■ **Your goal**
Only one stretch of the records below should be repeated. It starts with the line containing "Side Wing Mirror" and goes on through the line containing "Declan Curtains Light Coffee Display", exactly as written.

■ **The data**
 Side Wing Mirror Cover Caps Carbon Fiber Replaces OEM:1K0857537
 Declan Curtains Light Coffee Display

==

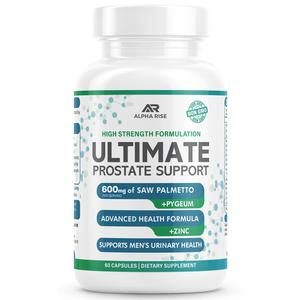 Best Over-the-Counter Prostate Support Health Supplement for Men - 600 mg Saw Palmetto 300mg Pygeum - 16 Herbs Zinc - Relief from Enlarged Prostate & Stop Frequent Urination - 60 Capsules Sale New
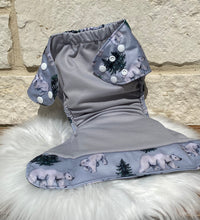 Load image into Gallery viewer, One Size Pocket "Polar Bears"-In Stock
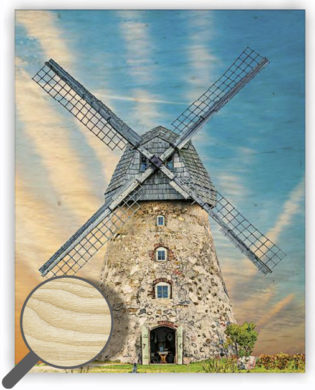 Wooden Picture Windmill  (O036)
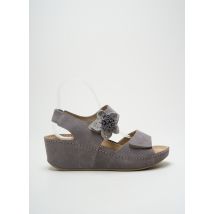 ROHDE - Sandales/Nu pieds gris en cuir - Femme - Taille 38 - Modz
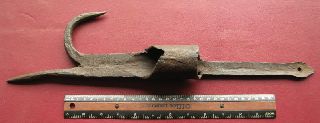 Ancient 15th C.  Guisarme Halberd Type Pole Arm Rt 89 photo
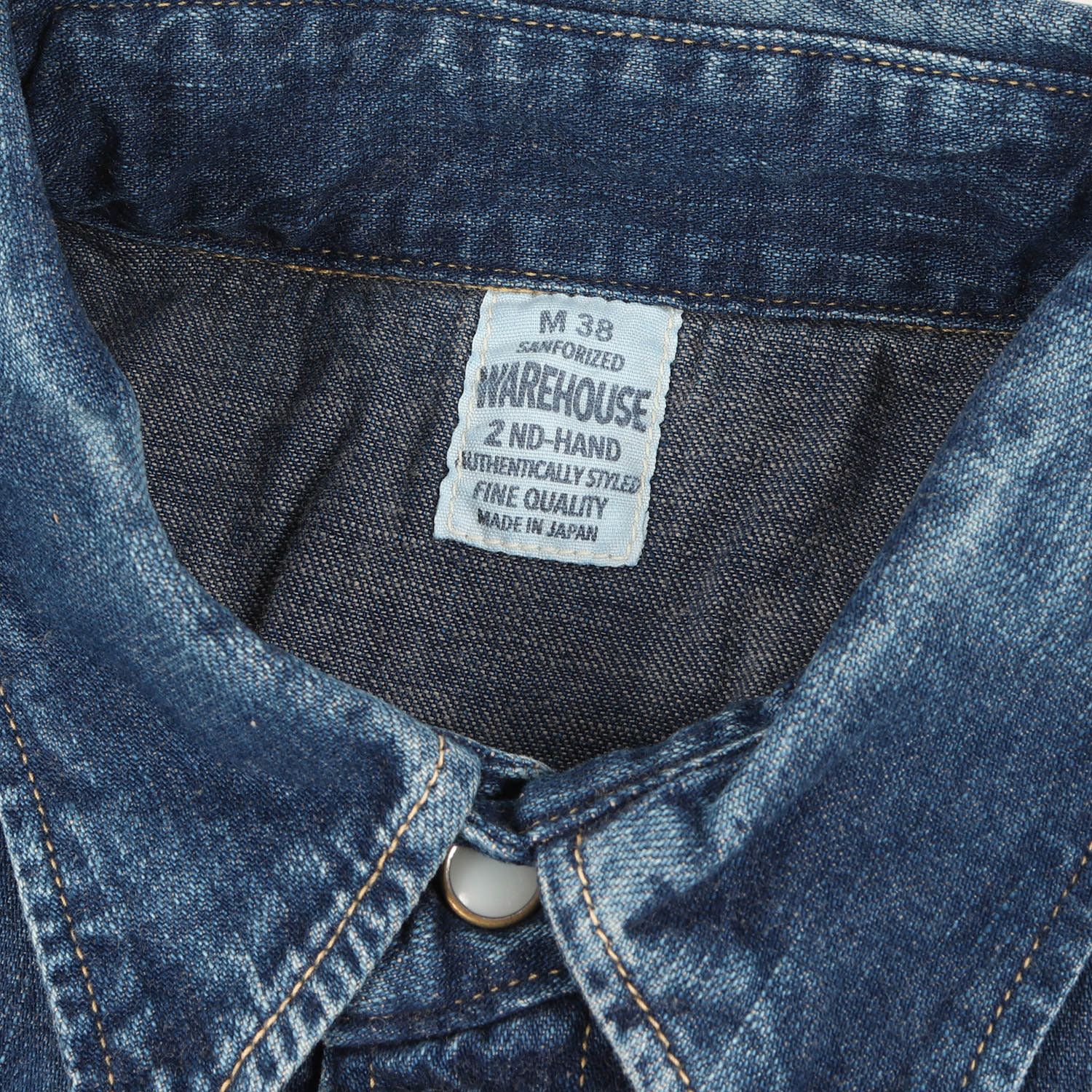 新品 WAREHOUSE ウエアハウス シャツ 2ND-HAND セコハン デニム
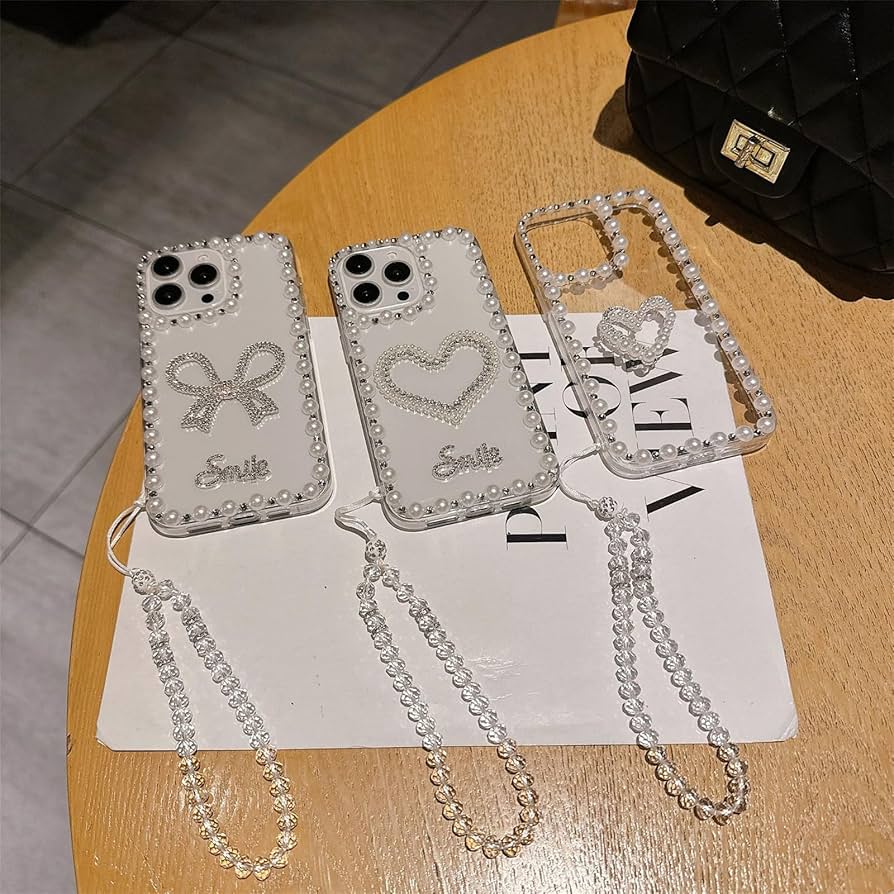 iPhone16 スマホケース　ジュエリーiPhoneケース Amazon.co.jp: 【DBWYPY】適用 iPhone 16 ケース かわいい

■ **Solution**
 Side Wing Mirror Cover Caps Carbon Fiber Replaces OEM:1K0857537
 Declan Curtains Light Coffee Display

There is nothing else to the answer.